All liberal democracies are representative democracies, or governments in which representatives are elected by the people through free and fair elections. Some might, however, be constitutional monarchies or federal republics rather than full democracies. In a constitutional monarchy, the figurative head of the government is often determined by heredity, but members of the legislature and other officials, such as a prime minister, are elected by the people. In a federal republic, the national government's power is somewhat limited, and power also is divided among regional governments.
Systems of Referenda
Some liberal democracies have additional systems of referenda — or public votes on proposed measures — to give citizens who are eligible to vote the possibility to overrule the decisions of the elected legislature or even to make decisions without giving the legislature a say. The political systems in other countries have referenda to a lesser degree. The use of referenda in a liberal democracy's political system could help prevent it from evolving into an oligarchy.

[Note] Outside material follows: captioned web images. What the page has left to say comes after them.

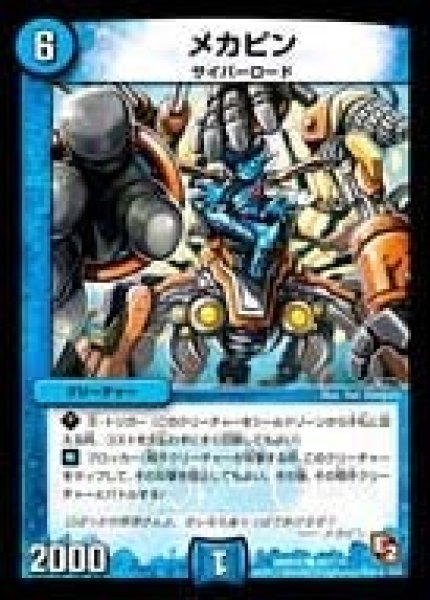 画像1: 【ゴールデン・エイジ】メカピン DMR05_80/110 (1)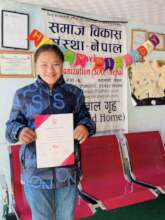 Serfule displaying digital literacy certificate.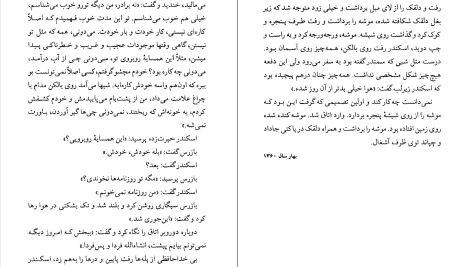 دانلود پی دی اف کتاب آشفته حالان بیداربخت غلامحسین ساعدی PDF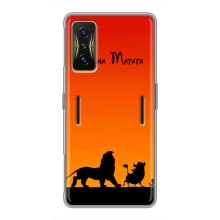 Чехол Король лев на Поко Ф4 GT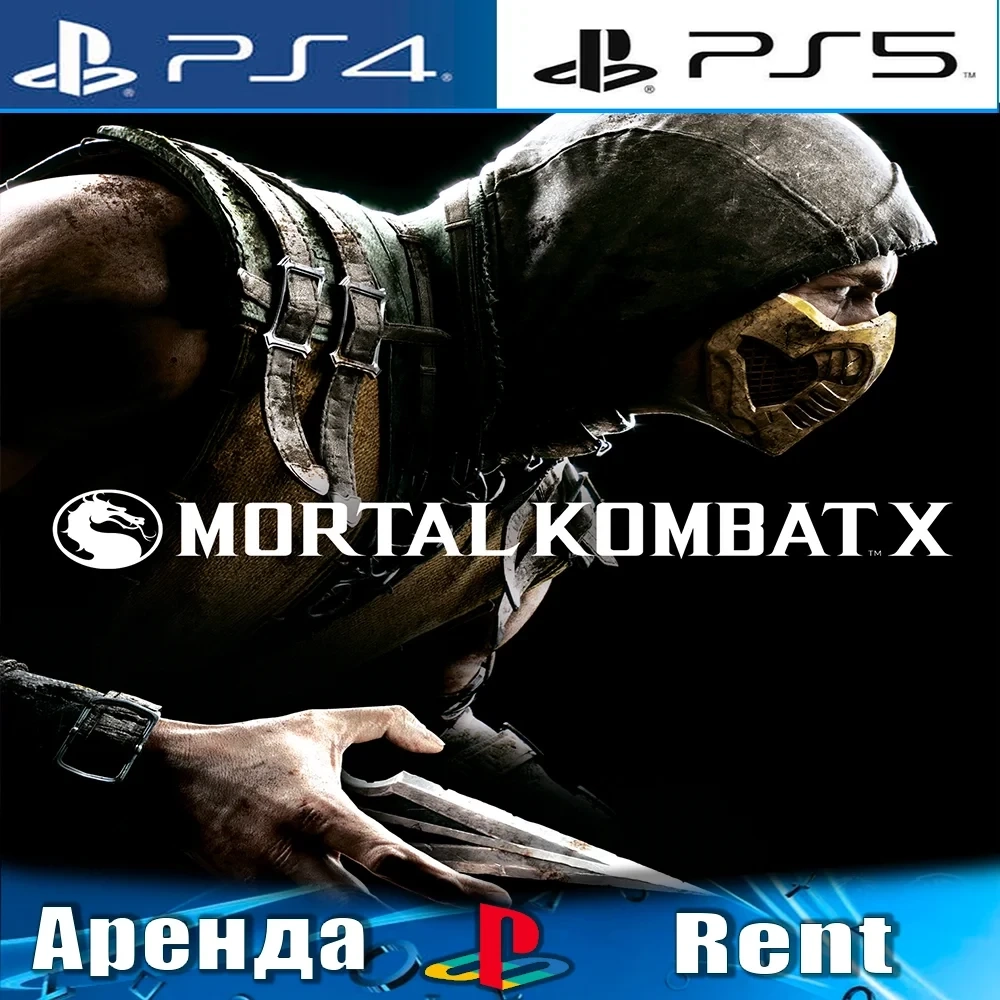 Mortal Kombat X (PS4/PS5/RUS) Аренда | PlayStation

Many people would argue that a liberal democracy isn't democratic or liberal. They would argue that a liberal democracy does not respect the will of the people except when citizens are asked to vote for their representatives, and that liberty is restricted by the constitution or by precedent. Critics would argue that, by denying citizens the right to cast votes on all issues — especially serious matters such as going to war or constitutional amendments — a liberal democracy is a precursor of an oligarchy, or a government that is controlled by the elite few. Others would say that only a liberal democracy can guarantee the individual liberties of its citizens and prevent the development into a dictatorship. Unmoderated majority rule could, in their view, lead to the oppression of various minority groups.